Information supplied
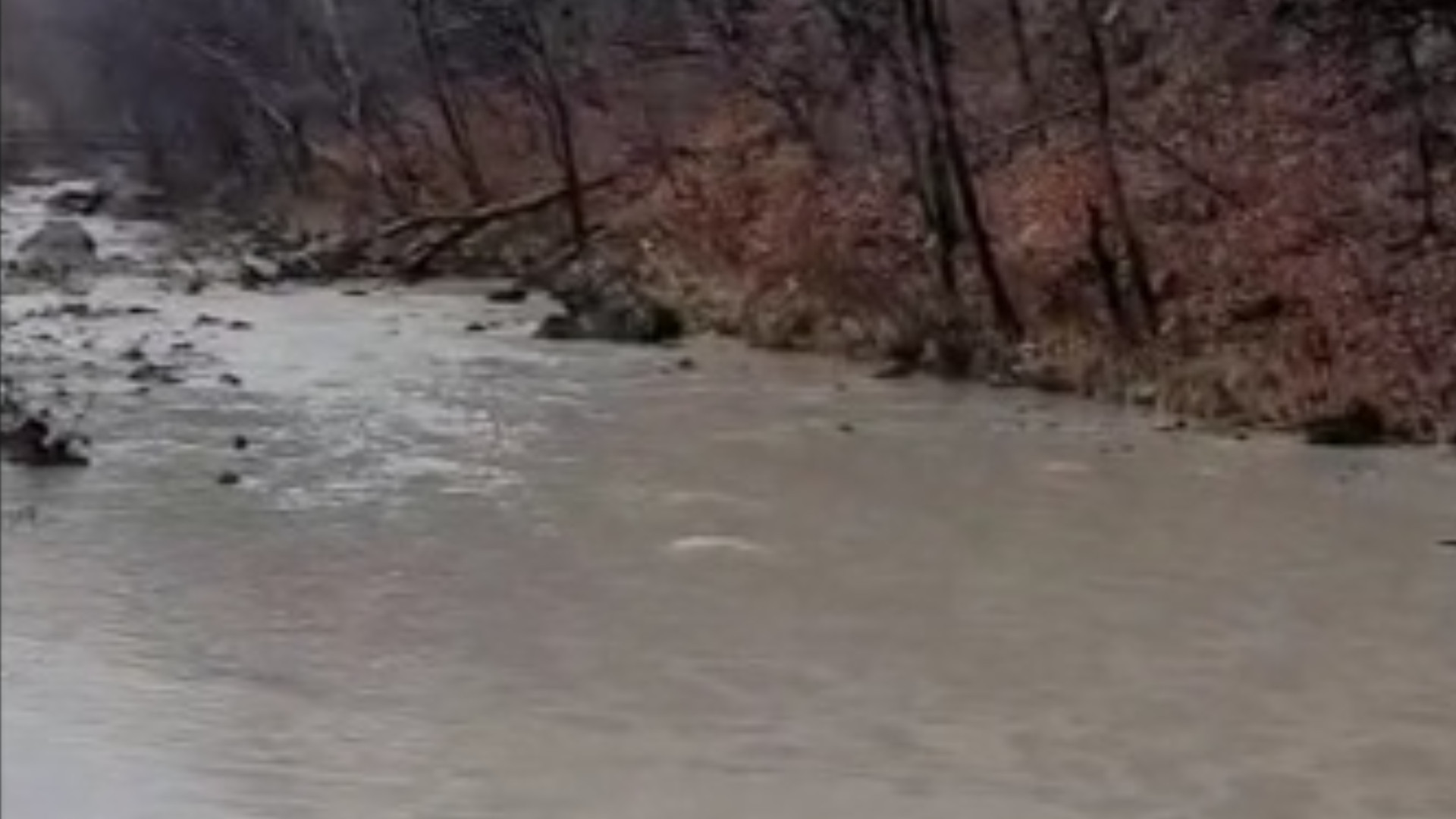 Situaţie critică la acumularea Paltinu. Apele Române recomandă declararea unei situaţii de urgenţă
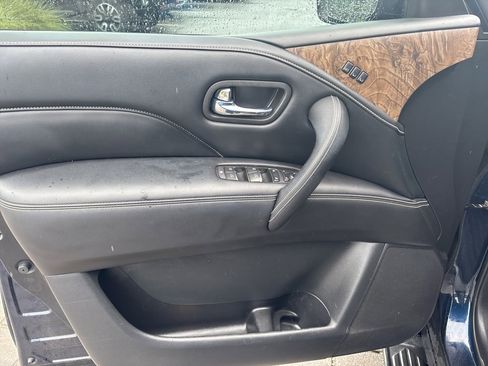 Used 2021 INFINITI QX80 Premium Select w/ All-Season Package image 14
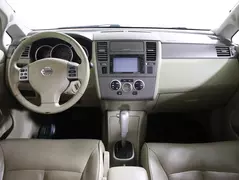 Nissan Tiida, фото №12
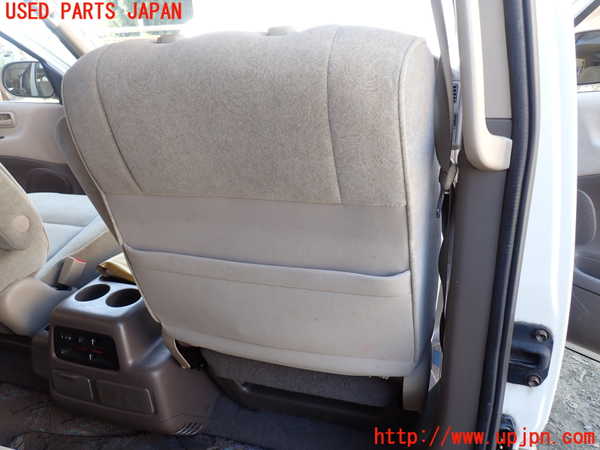 1UPJ-9231887035]グランドハイエース(VCH10W)運転席シート 中古_4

What you are asked to do
Apart from the pictures, every line of the material above is to be returned word for word.

Problem solution
 Situaţie critică la acumularea Paltinu. Apele Române recomandă declararea unei situaţii de urgenţă
 Used 2021 INFINITI QX80 Premium Select w/ All-Season Package image 14
 Nissan Tiida, фото №12
 1UPJ-9231887035]グランドハイエース(VCH10W)運転席シート 中古_4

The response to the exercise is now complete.